── PROVIDED RECORDS

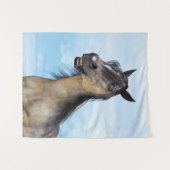 Happy Smiling Grulla Horse Wandteppich (Vorderseite (Horizontal))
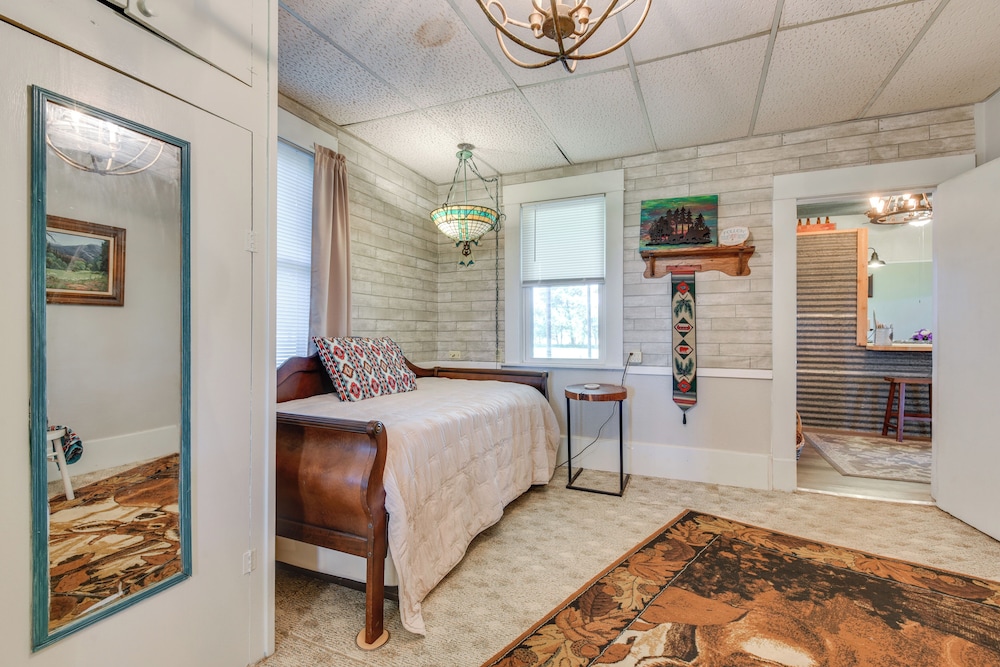 Countryside Retreat w/ Pasture Views in Hominy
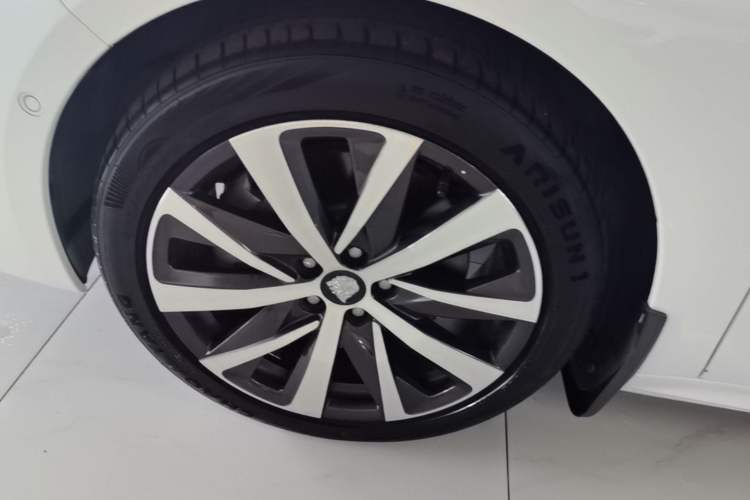 Used Peugeot 508 2019 508L 400THP PureTech Passion Edition China VI standard Left Front Wheel Hub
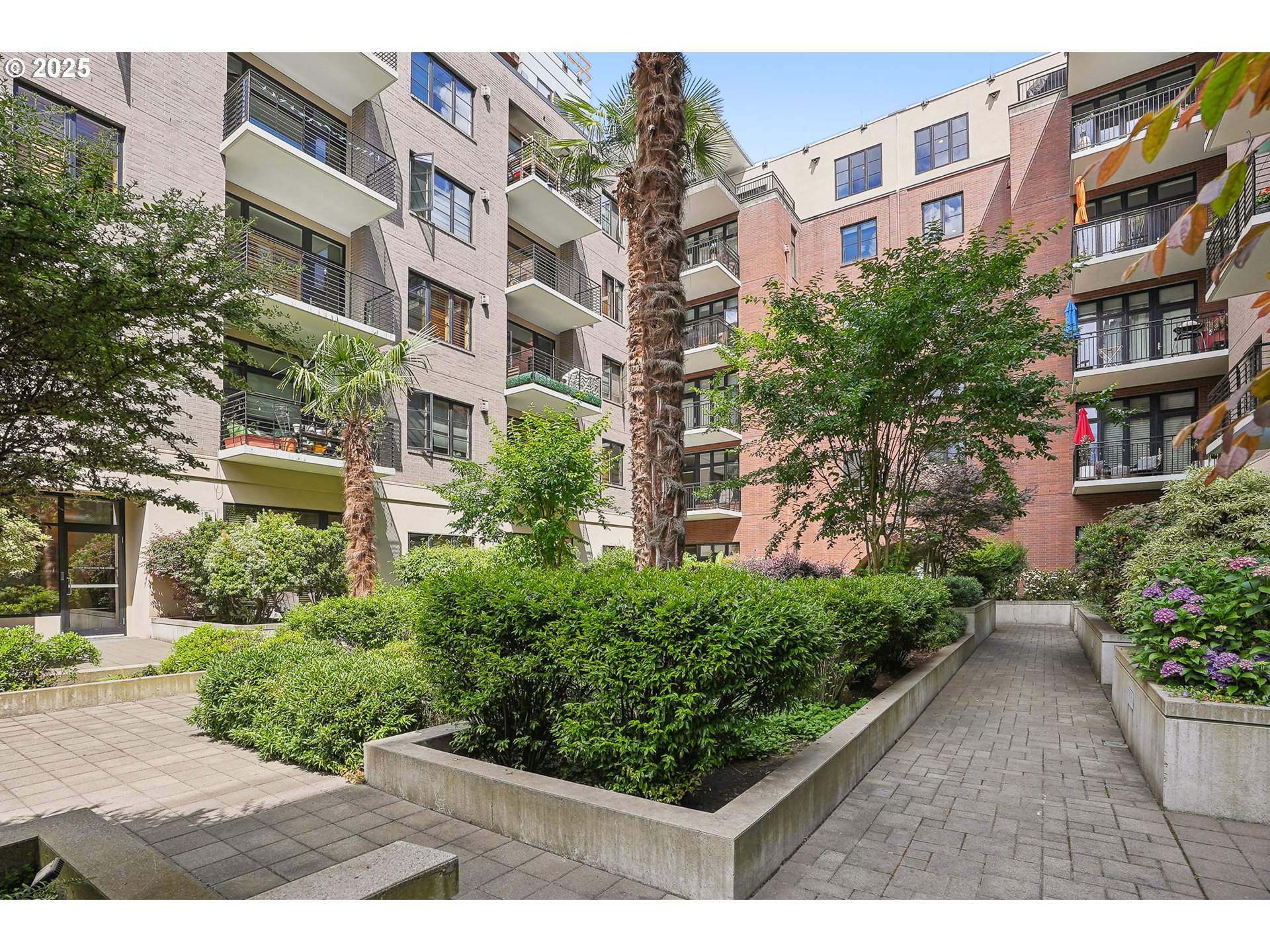 1030 Northwest Johnson Street, Unit 224 Portland, OR 97209 - Photo 33 of 36 a view of a building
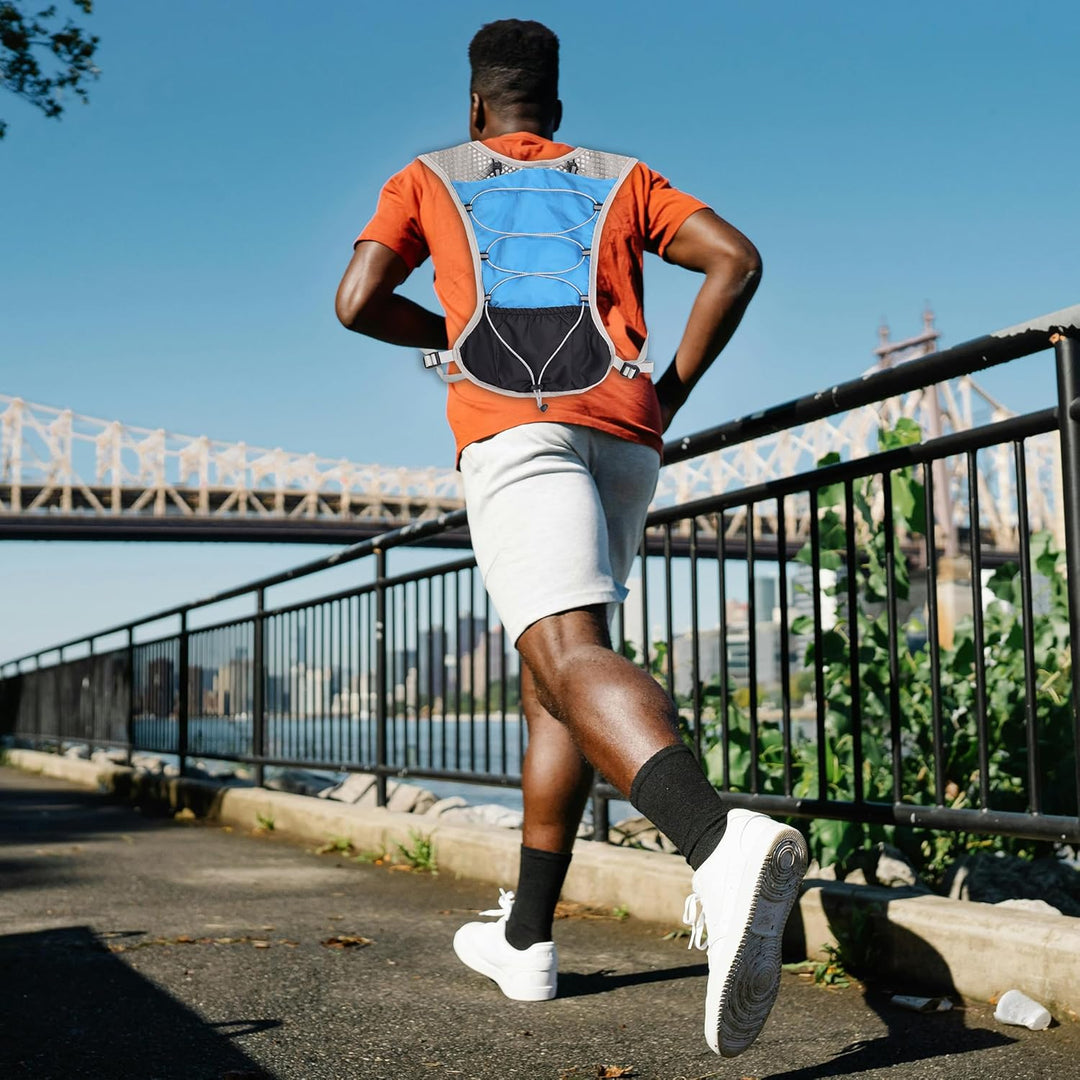 Lightweight outdoor vest, 2L hydration bladder, Dravien, ideal for various activities.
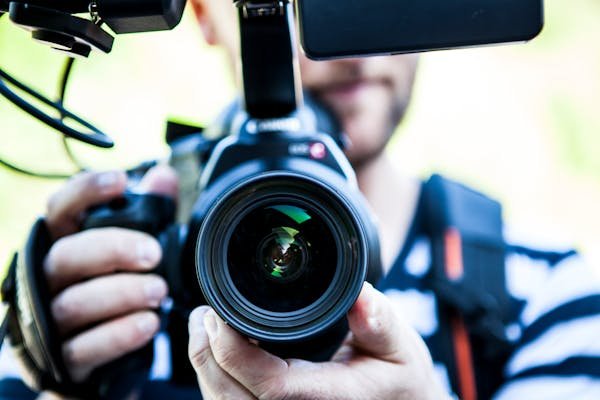 Transformez votre message avec un film publicitaire impactant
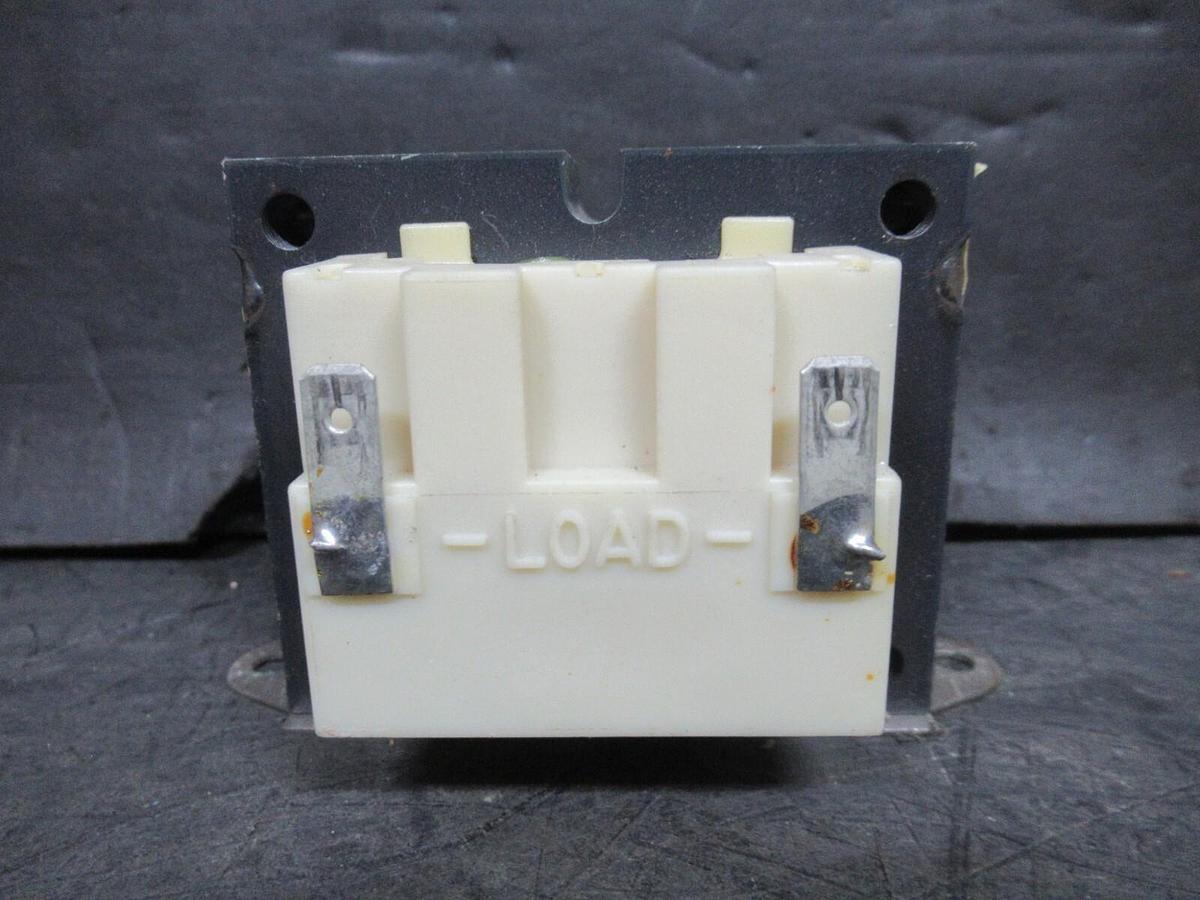 Used BASLER ELECTRIC TRANSFORMER 22998002 PRI: 115/230 V SEC: 21 V 40 VA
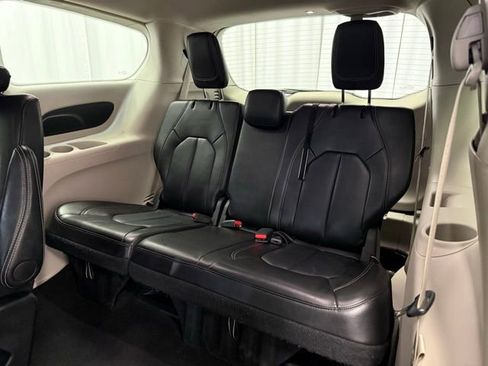 Used 2024 Chrysler Pacifica Touring-L image 21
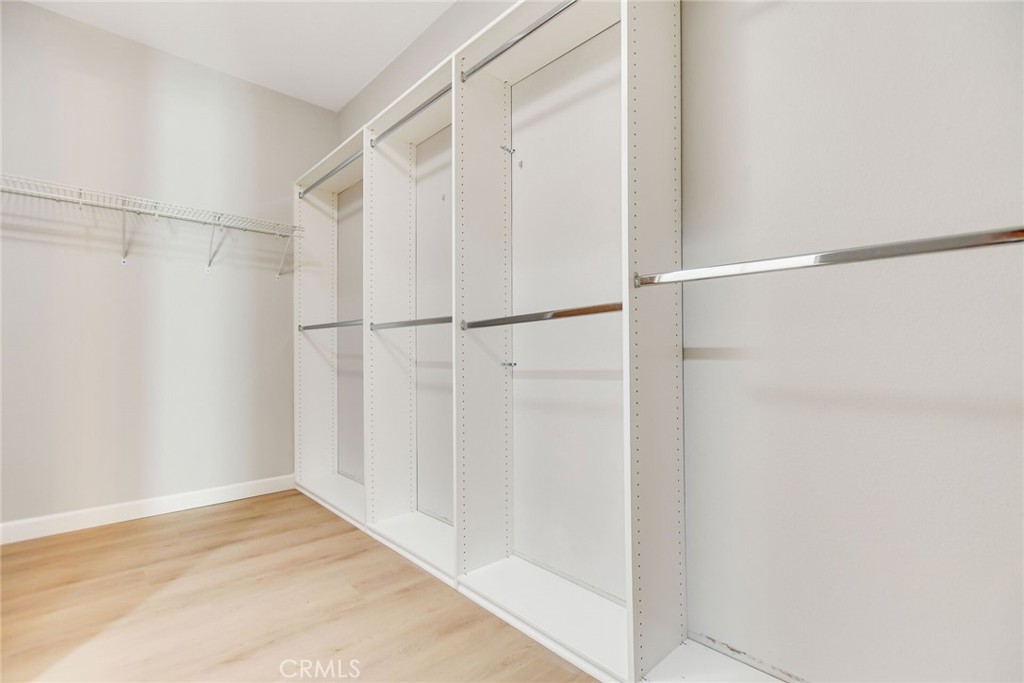 5042 Glenwood Avenue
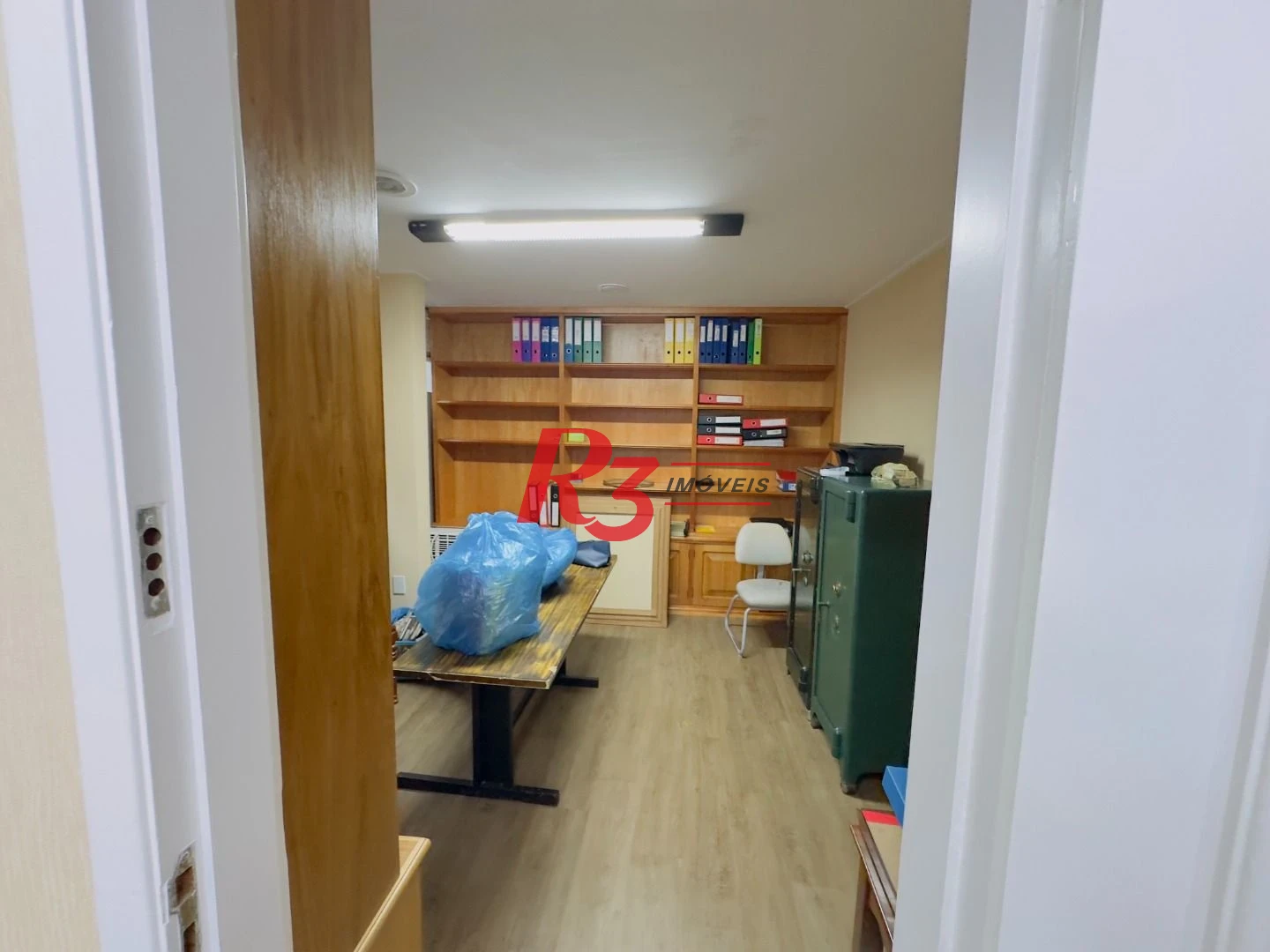 Conjunto à venda, 60 m² por R$ 400.000,00 - Gonzaga - Santos/SP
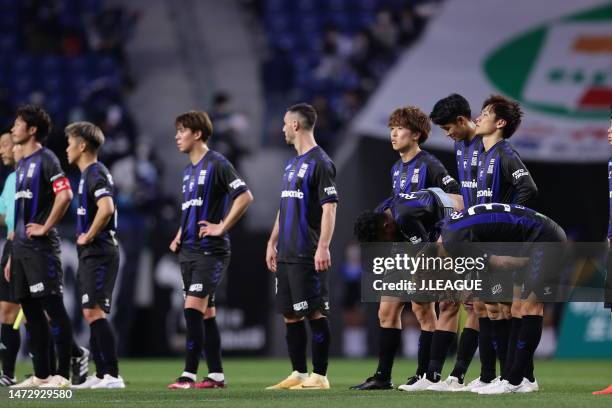 Gamba Osaka players applaud fans after the J.LEAGUE Meiji Yasuda J1 4th Sec. Match between Gamba Osaka and Sanfrecce Hiroshima at Panasonic Stadium...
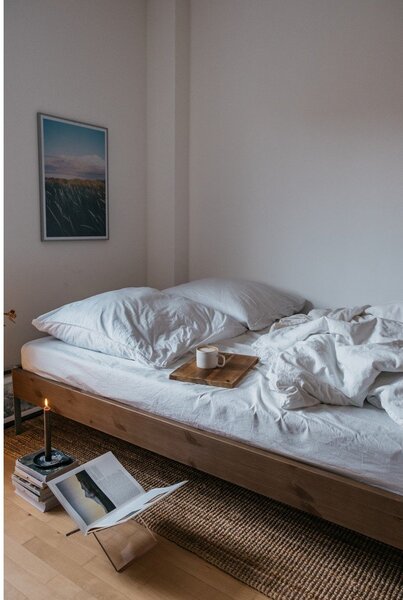 Rjava zakonska postelja iz masivnega bora z letvenim dnom 140x200 cm Core – Karup Design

────

PROBLEM STATEMENT:
Please give every line above again word for word, apart from the pictures.

REPLY:
 Happy Smiling Grulla Horse Wandteppich (Vorderseite (Horizontal))
 Countryside Retreat w/ Pasture Views in Hominy
 Used Peugeot 508 2019 508L 400THP PureTech Passion Edition China VI standard Left Front Wheel Hub
 1030 Northwest Johnson Street, Unit 224 Portland, OR 97209 - Photo 33 of 36 a view of a building
 Lightweight outdoor vest, 2L hydration bladder, Dravien, ideal for various activities.
 Transformez votre message avec un film publicitaire impactant
 Used BASLER ELECTRIC TRANSFORMER 22998002 PRI: 115/230 V SEC: 21 V 40 VA
 Used 2024 Chrysler Pacifica Touring-L image 21
 5042 Glenwood Avenue
 Conjunto à venda, 60 m² por R$ 400.000,00 - Gonzaga - Santos/SP
 Gamba Osaka players applaud fans after the J.LEAGUE Meiji Yasuda J1 4th Sec. Match between Gamba Osaka and Sanfrecce Hiroshima at Panasonic Stadium...
 Rjava zakonska postelja iz masivnega bora z letvenim dnom 140x200 cm Core – Karup Design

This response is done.